__What is needed__:
Nothing may be left out or changed. Print every entry.

__Dataset content__:
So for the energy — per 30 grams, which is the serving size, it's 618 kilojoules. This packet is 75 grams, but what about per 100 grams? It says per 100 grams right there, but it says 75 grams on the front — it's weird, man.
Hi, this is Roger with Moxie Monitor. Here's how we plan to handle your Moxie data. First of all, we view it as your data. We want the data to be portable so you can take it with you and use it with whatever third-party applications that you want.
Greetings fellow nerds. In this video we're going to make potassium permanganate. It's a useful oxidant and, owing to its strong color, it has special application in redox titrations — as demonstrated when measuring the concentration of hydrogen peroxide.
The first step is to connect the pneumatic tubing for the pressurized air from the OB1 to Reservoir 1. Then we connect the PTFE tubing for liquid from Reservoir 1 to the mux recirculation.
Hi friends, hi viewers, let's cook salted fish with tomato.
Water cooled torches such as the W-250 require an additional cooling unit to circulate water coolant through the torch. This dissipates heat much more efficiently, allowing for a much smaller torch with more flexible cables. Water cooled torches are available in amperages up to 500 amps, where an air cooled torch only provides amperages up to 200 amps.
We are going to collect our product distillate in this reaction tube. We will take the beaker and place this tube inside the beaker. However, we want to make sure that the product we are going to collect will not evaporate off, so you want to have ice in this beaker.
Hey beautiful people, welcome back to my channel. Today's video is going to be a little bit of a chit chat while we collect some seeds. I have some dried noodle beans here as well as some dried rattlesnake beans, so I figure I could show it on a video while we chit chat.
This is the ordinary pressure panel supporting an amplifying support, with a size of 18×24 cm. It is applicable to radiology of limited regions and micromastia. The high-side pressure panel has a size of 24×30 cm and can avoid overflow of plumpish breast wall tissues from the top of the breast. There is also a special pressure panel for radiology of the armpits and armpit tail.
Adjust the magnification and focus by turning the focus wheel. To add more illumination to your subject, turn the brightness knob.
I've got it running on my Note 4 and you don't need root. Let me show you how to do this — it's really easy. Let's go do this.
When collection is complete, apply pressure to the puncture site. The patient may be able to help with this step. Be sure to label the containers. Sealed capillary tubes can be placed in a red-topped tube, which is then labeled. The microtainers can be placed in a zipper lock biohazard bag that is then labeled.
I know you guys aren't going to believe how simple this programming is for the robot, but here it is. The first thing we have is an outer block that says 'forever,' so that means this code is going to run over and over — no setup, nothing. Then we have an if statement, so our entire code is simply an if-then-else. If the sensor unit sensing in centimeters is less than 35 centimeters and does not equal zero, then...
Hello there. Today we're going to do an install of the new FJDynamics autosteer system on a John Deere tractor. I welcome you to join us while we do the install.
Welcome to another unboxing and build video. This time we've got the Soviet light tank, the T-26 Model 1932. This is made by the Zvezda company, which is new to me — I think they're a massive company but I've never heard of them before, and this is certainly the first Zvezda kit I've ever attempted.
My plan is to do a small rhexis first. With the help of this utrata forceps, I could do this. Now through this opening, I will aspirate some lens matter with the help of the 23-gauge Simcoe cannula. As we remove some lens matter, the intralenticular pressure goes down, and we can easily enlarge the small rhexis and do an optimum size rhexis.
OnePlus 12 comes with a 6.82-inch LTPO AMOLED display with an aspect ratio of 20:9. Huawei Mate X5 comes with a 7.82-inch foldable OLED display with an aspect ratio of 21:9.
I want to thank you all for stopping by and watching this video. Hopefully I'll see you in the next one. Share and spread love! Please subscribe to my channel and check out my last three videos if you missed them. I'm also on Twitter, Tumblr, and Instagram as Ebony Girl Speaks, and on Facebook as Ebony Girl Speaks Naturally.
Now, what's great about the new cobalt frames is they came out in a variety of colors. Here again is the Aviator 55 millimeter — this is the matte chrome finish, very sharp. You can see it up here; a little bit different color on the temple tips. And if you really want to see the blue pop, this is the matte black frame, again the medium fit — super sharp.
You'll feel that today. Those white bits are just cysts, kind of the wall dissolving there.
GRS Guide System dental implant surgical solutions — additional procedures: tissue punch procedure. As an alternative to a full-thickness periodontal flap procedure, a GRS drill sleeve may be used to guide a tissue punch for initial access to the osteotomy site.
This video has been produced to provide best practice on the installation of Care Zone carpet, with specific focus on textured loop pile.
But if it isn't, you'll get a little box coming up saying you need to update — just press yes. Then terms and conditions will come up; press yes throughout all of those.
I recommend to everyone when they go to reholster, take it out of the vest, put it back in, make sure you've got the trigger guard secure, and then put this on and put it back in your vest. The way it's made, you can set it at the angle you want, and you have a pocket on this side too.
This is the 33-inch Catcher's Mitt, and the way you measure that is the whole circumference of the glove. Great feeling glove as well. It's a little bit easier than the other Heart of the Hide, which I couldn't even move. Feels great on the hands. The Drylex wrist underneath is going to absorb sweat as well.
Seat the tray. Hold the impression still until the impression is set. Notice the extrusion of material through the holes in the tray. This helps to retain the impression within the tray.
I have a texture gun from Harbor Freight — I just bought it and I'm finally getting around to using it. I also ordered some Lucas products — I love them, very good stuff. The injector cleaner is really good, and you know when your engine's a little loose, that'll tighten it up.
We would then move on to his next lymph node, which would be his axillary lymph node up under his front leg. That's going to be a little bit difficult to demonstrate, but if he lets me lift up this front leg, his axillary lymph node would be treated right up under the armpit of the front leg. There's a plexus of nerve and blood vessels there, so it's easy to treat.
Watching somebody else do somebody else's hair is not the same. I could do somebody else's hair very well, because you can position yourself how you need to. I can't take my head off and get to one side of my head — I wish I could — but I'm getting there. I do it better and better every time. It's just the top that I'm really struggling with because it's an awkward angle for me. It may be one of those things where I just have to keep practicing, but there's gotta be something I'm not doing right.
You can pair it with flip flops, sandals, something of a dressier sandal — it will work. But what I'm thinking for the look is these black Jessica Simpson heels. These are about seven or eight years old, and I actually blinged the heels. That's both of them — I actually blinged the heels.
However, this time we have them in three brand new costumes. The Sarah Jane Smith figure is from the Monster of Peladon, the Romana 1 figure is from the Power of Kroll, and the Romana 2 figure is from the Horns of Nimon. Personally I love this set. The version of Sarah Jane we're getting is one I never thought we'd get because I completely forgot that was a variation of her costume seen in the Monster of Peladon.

__Solution to the exercise__:
So for the energy — per 30 grams, which is the serving size, it's 618 kilojoules. This packet is 75 grams, but what about per 100 grams? It says per 100 grams right there, but it says 75 grams on the front — it's weird, man.
Hi, this is Roger with Moxie Monitor. Here's how we plan to handle your Moxie data. First of all, we view it as your data. We want the data to be portable so you can take it with you and use it with whatever third-party applications that you want.
Greetings fellow nerds. In this video we're going to make potassium permanganate. It's a useful oxidant and, owing to its strong color, it has special application in redox titrations — as demonstrated when measuring the concentration of hydrogen peroxide.
The first step is to connect the pneumatic tubing for the pressurized air from the OB1 to Reservoir 1. Then we connect the PTFE tubing for liquid from Reservoir 1 to the mux recirculation.
Hi friends, hi viewers, let's cook salted fish with tomato.
Water cooled torches such as the W-250 require an additional cooling unit to circulate water coolant through the torch. This dissipates heat much more efficiently, allowing for a much smaller torch with more flexible cables. Water cooled torches are available in amperages up to 500 amps, where an air cooled torch only provides amperages up to 200 amps.
We are going to collect our product distillate in this reaction tube. We will take the beaker and place this tube inside the beaker. However, we want to make sure that the product we are going to collect will not evaporate off, so you want to have ice in this beaker.
Hey beautiful people, welcome back to my channel. Today's video is going to be a little bit of a chit chat while we collect some seeds. I have some dried noodle beans here as well as some dried rattlesnake beans, so I figure I could show it on a video while we chit chat.
This is the ordinary pressure panel supporting an amplifying support, with a size of 18×24 cm. It is applicable to radiology of limited regions and micromastia. The high-side pressure panel has a size of 24×30 cm and can avoid overflow of plumpish breast wall tissues from the top of the breast. There is also a special pressure panel for radiology of the armpits and armpit tail.
Adjust the magnification and focus by turning the focus wheel. To add more illumination to your subject, turn the brightness knob.
I've got it running on my Note 4 and you don't need root. Let me show you how to do this — it's really easy. Let's go do this.
When collection is complete, apply pressure to the puncture site. The patient may be able to help with this step. Be sure to label the containers. Sealed capillary tubes can be placed in a red-topped tube, which is then labeled. The microtainers can be placed in a zipper lock biohazard bag that is then labeled.
I know you guys aren't going to believe how simple this programming is for the robot, but here it is. The first thing we have is an outer block that says 'forever,' so that means this code is going to run over and over — no setup, nothing. Then we have an if statement, so our entire code is simply an if-then-else. If the sensor unit sensing in centimeters is less than 35 centimeters and does not equal zero, then...
Hello there. Today we're going to do an install of the new FJDynamics autosteer system on a John Deere tractor. I welcome you to join us while we do the install.
Welcome to another unboxing and build video. This time we've got the Soviet light tank, the T-26 Model 1932. This is made by the Zvezda company, which is new to me — I think they're a massive company but I've never heard of them before, and this is certainly the first Zvezda kit I've ever attempted.
My plan is to do a small rhexis first. With the help of this utrata forceps, I could do this. Now through this opening, I will aspirate some lens matter with the help of the 23-gauge Simcoe cannula. As we remove some lens matter, the intralenticular pressure goes down, and we can easily enlarge the small rhexis and do an optimum size rhexis.
OnePlus 12 comes with a 6.82-inch LTPO AMOLED display with an aspect ratio of 20:9. Huawei Mate X5 comes with a 7.82-inch foldable OLED display with an aspect ratio of 21:9.
I want to thank you all for stopping by and watching this video. Hopefully I'll see you in the next one. Share and spread love! Please subscribe to my channel and check out my last three videos if you missed them. I'm also on Twitter, Tumblr, and Instagram as Ebony Girl Speaks, and on Facebook as Ebony Girl Speaks Naturally.
Now, what's great about the new cobalt frames is they came out in a variety of colors. Here again is the Aviator 55 millimeter — this is the matte chrome finish, very sharp. You can see it up here; a little bit different color on the temple tips. And if you really want to see the blue pop, this is the matte black frame, again the medium fit — super sharp.
You'll feel that today. Those white bits are just cysts, kind of the wall dissolving there.
GRS Guide System dental implant surgical solutions — additional procedures: tissue punch procedure. As an alternative to a full-thickness periodontal flap procedure, a GRS drill sleeve may be used to guide a tissue punch for initial access to the osteotomy site.
This video has been produced to provide best practice on the installation of Care Zone carpet, with specific focus on textured loop pile.
But if it isn't, you'll get a little box coming up saying you need to update — just press yes. Then terms and conditions will come up; press yes throughout all of those.
I recommend to everyone when they go to reholster, take it out of the vest, put it back in, make sure you've got the trigger guard secure, and then put this on and put it back in your vest. The way it's made, you can set it at the angle you want, and you have a pocket on this side too.
This is the 33-inch Catcher's Mitt, and the way you measure that is the whole circumference of the glove. Great feeling glove as well. It's a little bit easier than the other Heart of the Hide, which I couldn't even move. Feels great on the hands. The Drylex wrist underneath is going to absorb sweat as well.
Seat the tray. Hold the impression still until the impression is set. Notice the extrusion of material through the holes in the tray. This helps to retain the impression within the tray.
I have a texture gun from Harbor Freight — I just bought it and I'm finally getting around to using it. I also ordered some Lucas products — I love them, very good stuff. The injector cleaner is really good, and you know when your engine's a little loose, that'll tighten it up.
We would then move on to his next lymph node, which would be his axillary lymph node up under his front leg. That's going to be a little bit difficult to demonstrate, but if he lets me lift up this front leg, his axillary lymph node would be treated right up under the armpit of the front leg. There's a plexus of nerve and blood vessels there, so it's easy to treat.
Watching somebody else do somebody else's hair is not the same. I could do somebody else's hair very well, because you can position yourself how you need to. I can't take my head off and get to one side of my head — I wish I could — but I'm getting there. I do it better and better every time. It's just the top that I'm really struggling with because it's an awkward angle for me. It may be one of those things where I just have to keep practicing, but there's gotta be something I'm not doing right.
You can pair it with flip flops, sandals, something of a dressier sandal — it will work. But what I'm thinking for the look is these black Jessica Simpson heels. These are about seven or eight years old, and I actually blinged the heels. That's both of them — I actually blinged the heels.
However, this time we have them in three brand new costumes. The Sarah Jane Smith figure is from the Monster of Peladon, the Romana 1 figure is from the Power of Kroll, and the Romana 2 figure is from the Horns of Nimon. Personally I love this set. The version of Sarah Jane we're getting is one I never thought we'd get because I completely forgot that was a variation of her costume seen in the Monster of Peladon.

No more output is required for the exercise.